[What needs to be done]
Copy out the lines of the records below, and only those lines, from the one with "Travelers Club Midtown" through the one with "Quần Short Jeans", exactly as they appear.

[Data extract]
━━━
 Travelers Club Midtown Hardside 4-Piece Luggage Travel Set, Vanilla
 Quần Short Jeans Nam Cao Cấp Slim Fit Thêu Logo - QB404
━━━
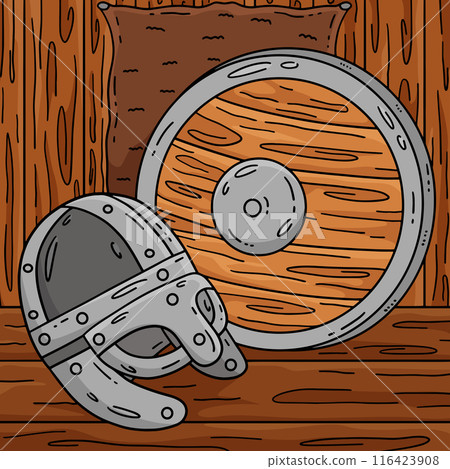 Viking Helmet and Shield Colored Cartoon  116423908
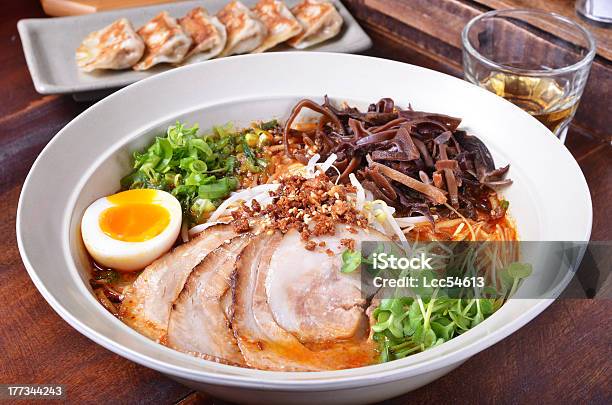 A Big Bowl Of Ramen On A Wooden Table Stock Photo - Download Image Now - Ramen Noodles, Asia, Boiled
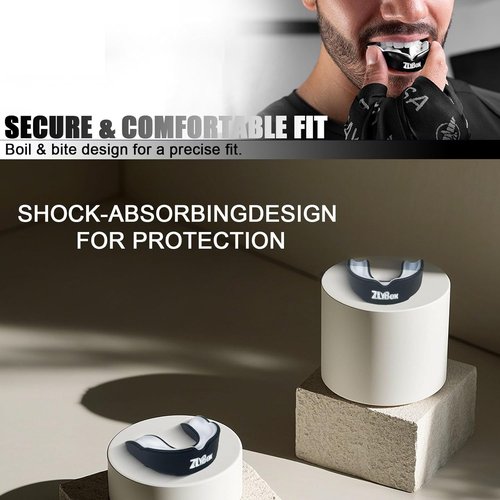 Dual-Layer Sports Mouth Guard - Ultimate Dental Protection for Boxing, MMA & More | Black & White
━━━
[Exercise output]
 Travelers Club Midtown Hardside 4-Piece Luggage Travel Set, Vanilla
 Quần Short Jeans Nam Cao Cấp Slim Fit Thêu Logo - QB404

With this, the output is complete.